Let LLM judge | Tips and tips

Lack of internal consistency: The same prompt input evaluation model may be different when executed multiple times (if the temperature parameter is not set to 0).

Mitigation: Follow the self-consistency setting prompt, enter the model to execute multiple times and retain most results

Self-preference: LLM evaluation model morePrefer your own output mode, therefore, the score for similar patterns will be higher.

Mitigation measures: adopt jury mechanism

Insensitivity of input disturbance: Evaluate the modelDisturbance inputThe recognition effect is poor,Difficult to provide a consistent rating range(For more experimental results, please refer toThis link). For example, for texts that are subjected to the same degree of noise, ratings that use evaluation models to evaluate text quality cannot reflect the degree of noise.

Mitigation measures:
- The model is required to output a detailed inference process firstOutput score again
- Add a consistent scoring criteria in prompt

Position deviation: Evaluate the model moreAnswers to prefer specific locations. For example, when comparing pairs, Claude and GPT3.5 usually prefer a certain position in multiple tests, such as the first or second answer.

Mitigation measures:
- Randomly adjust the answer position
- Calculate logarithmic probability of all options and normalize

Length preference (length deviation): Evaluation models prefer lengthy answers.

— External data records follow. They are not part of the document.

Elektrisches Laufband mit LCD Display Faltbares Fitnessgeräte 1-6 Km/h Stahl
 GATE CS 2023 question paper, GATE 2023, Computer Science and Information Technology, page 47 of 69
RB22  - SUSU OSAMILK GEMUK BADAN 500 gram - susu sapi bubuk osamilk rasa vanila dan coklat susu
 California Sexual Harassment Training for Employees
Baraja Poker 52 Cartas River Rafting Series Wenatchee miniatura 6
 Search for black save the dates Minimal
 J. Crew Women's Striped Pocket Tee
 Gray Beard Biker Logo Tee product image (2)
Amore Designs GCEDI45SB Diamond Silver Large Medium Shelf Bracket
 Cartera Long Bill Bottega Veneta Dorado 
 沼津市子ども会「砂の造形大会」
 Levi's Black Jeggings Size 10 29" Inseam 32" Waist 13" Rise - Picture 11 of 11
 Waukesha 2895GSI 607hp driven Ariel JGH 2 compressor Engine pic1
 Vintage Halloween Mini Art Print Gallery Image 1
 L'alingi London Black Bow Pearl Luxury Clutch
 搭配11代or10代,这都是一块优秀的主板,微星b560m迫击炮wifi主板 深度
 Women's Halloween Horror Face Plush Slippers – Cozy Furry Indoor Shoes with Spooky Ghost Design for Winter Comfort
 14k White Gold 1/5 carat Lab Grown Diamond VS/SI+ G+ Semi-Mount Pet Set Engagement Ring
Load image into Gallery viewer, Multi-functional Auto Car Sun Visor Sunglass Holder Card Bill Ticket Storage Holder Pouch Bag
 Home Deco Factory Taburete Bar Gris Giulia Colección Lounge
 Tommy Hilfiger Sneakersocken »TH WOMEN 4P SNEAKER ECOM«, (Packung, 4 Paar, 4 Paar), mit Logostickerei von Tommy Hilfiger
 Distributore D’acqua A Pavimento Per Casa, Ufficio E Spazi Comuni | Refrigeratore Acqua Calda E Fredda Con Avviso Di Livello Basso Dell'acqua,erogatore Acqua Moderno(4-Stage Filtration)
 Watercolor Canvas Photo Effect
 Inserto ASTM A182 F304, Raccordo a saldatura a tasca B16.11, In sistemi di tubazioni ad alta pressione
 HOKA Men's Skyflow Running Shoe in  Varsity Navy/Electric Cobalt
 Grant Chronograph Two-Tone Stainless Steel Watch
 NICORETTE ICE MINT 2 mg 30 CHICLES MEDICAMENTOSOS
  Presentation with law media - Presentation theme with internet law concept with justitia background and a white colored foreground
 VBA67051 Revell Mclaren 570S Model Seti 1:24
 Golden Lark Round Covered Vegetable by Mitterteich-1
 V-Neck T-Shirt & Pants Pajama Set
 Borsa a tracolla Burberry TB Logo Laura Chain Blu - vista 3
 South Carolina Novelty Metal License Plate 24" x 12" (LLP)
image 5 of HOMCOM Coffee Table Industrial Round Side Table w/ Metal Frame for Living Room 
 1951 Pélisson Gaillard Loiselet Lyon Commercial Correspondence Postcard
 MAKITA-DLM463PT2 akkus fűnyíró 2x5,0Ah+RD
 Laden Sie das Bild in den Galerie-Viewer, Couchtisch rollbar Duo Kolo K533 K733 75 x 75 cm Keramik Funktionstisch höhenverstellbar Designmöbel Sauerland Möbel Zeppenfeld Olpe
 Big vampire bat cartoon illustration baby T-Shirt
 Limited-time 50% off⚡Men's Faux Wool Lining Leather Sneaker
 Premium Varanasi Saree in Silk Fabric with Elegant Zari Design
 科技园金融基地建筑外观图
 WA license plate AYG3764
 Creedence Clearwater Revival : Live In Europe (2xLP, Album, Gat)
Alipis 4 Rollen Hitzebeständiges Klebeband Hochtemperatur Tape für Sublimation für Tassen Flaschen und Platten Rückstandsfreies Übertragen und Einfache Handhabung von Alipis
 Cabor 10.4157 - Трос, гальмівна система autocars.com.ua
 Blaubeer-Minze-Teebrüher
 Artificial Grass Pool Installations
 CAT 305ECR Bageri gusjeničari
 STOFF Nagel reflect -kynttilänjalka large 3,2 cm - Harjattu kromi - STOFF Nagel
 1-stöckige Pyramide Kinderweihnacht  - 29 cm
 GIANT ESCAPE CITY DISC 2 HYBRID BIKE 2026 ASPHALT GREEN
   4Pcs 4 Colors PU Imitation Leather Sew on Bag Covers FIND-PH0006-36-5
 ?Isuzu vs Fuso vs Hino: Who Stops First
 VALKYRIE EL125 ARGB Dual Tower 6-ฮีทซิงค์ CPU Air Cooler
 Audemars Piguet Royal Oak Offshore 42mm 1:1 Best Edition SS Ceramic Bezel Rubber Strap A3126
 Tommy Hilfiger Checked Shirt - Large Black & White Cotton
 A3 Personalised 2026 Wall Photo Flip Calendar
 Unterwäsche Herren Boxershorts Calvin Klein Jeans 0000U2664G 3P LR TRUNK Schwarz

Mitigation measures:Consider the length difference in the answer

Difficult to align human answers：

In all assessments,Whether manual assessment can serve as a good baseline is still controversial. For example, in certain specific fields (such as medicine, law, mathematics, etc.), if the marker is not professional enough, the results obtained may be as bad as using LLM directly.

Format deviation: If the prompt format of the input model is compared to the format of its training dataVery far apart, which may lead to inaccurate evaluation results of the model. For example, reference answers are provided in the training set data format of pairwise comparison models. If there is no given reference answer at the time of evaluation or the given reference answer format is incorrect, the evaluation results are unreliable.

Mitigation measures: Follow carefully the prompt format of the evaluation model training set (such as the format of the instruction fine-tuning model).